'US' airstrikes hit Somalia
2008-05-26 10:22
Mogadishu - Airstrikes, possibly by the United States planes, caused explosions in a remote area in southern Somalia, said officials on Monday. There was no immediate information on casualties.
Buale town chairperson Ibrahim Noleye said planes were heard flying nearby on Sunday night, followed by two loud explosions that shook the ground. Buale is 410km southwest of the capital, Mogadishu.
Noleye said he had contacted officials in nearby villages, who told him by two-way radio that the planes had hit an area between Buale and another town called Sakow.
He could not say who launched the airstrike on Sunday night. But only US aircraft had launched such strikes in Somalia in recent months. The Somali government did not have an air force.
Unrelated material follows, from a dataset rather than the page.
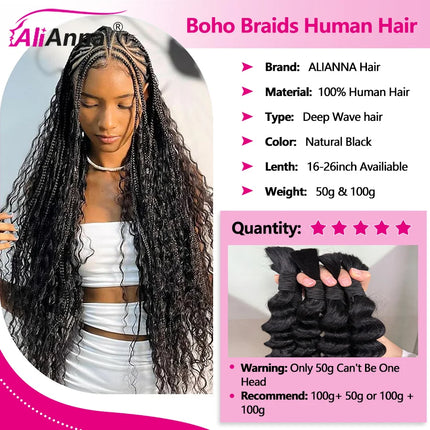 Deep Wave Boho Braids Human Hair Bulk 50g/100g 100% Human Hair Braiding Hair Extensions No Weft Brazilian Curly Braiding Hair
Ethiopian troops based in Somalia had not been reported to conduct airstrikes.
'I heard loud explosions'
Noleye said: "We saw a big light which followed hours of the sounds of planes, and then we heard two big explosions between Buale, where we are, and Sakow."
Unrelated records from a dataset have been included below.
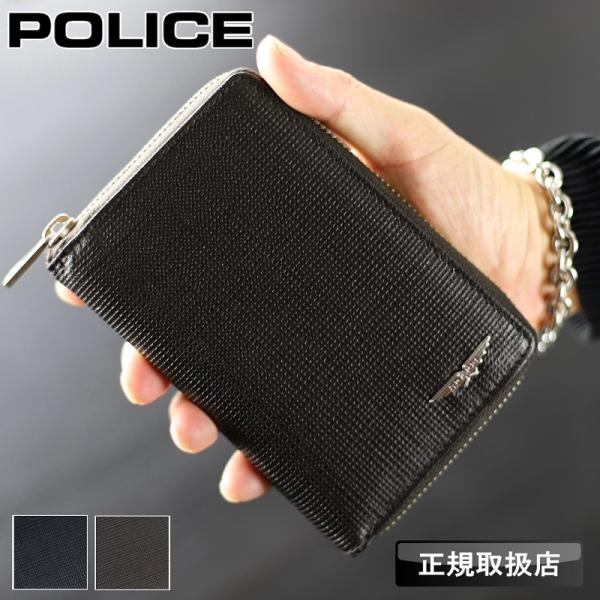 ポリス 財布 二つ折り メンズ POLICE さいふ ミドルウォレット セミ長財布 ラウンドファスナー 札入れ 折財布 牛革 本革 正規品 革小物 ブランド PA-70902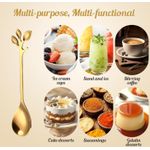 Set Of 4 Ceramic Tea Cups With Stand,Printed Coffee Mugs With Holder+Elegant Gold Leaf Coffee Spoons,Tableware Dessert Spoons,Espresso & Dessert Tea Spoons - 150 ML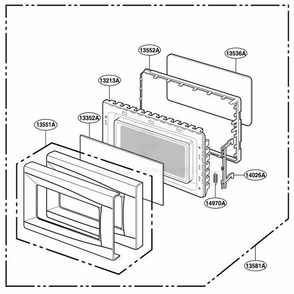 Door Parts Diagram and Parts List for GT4175SPS CS3EWRP LG Wall Oven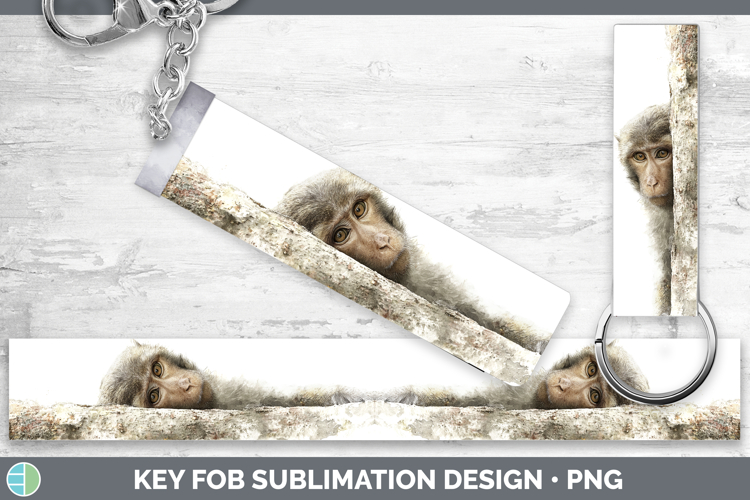 Rhesus Macaque Primate Tree Peek-A-Boo Key Fob Sublimation D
The area was sparsely populated and used primarily for grazing livestock such as camel and goats.
"We contacted some of our people on the ground and they confirmed that it was a(n) (air)strike," Noleye said, adding that soon afterward they lost radio contact.
Ali Bashi Ahmed, chairperson of Fanole Human Rights Organisation, also said he heard loud explosions, but did not know where they had occurred. Ahmed spoke by telephone from the port town of Kismayo, southwest of Buale.
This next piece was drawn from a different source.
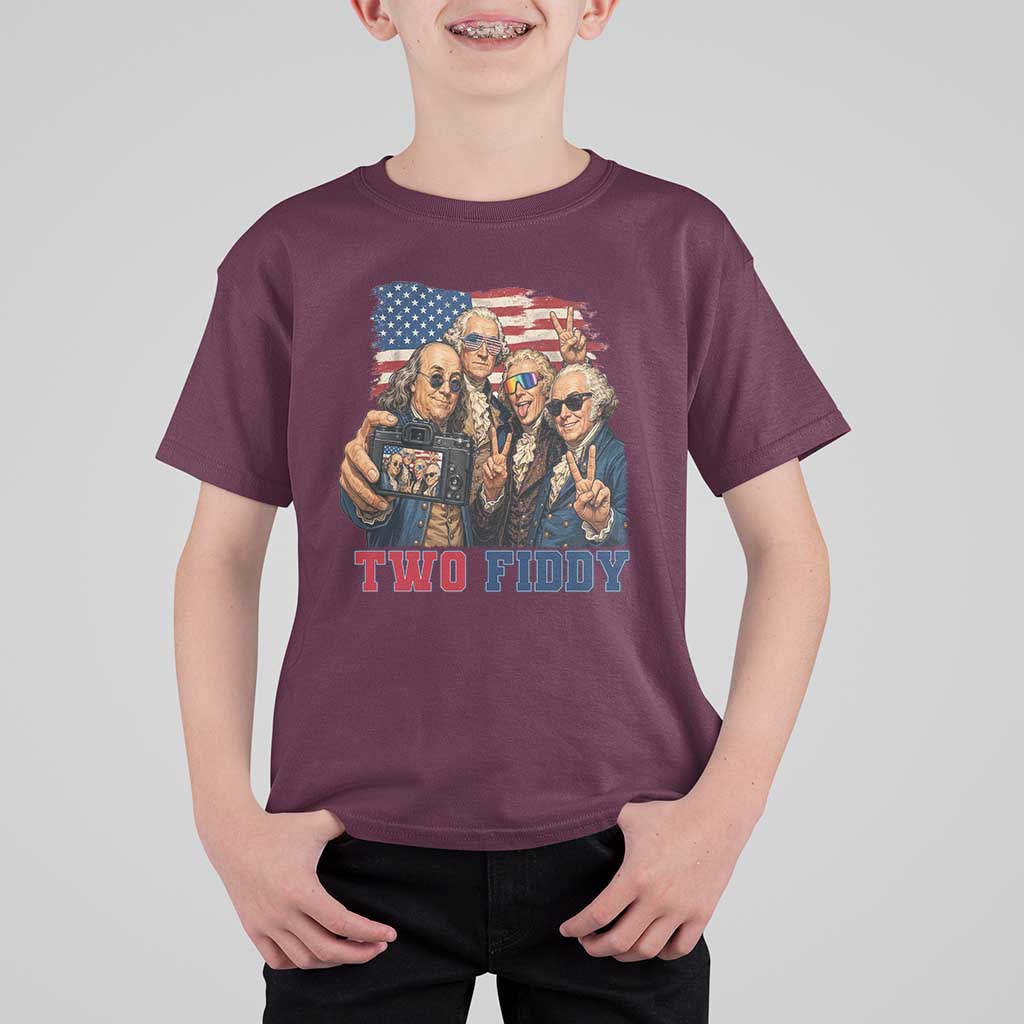 Two Fiddy 250th Anniversary T Shirt For Kid Funny Founding Father 4th of July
Duale Ganane, a colonel and a commander of a local militia, said, "we saw a light just a second before three huge explosions in the jungle north of Buale".
'No one can see a missile coming'
Aid worker Hassan Mohamed, who asked that his agency not be identified, said: "The light was like a star falling to earth."
Former military officer Muhidiin Nur Salah said, "I think it was an unknown device because in my view point no one can see a missile coming ... and we cannot say it was a star because stars do not explode on the ground."
American officials confirmed a United States airstrike on May 01 that killed Aden Hashi Ayro, the head of the military wing of Somalia's Islamists, along with 24 other people. Members of the military wing called al-Shabab, meaning "The Youth," had vowed to avenge his death.
Somalia had been in a state of anarchy since warlords overthrew dictator Mohamed Siad Barre in 1991. In December 2006, neighbouring Ethiopia sent troops to prop up a UN-backed government that had been unable to assert much authority and was facing an insurgency in the capital, Mogadishu.
Thousands of civilians had been killed and hundreds of thousands forced from their homes in a burgeoning humanitarian crisis.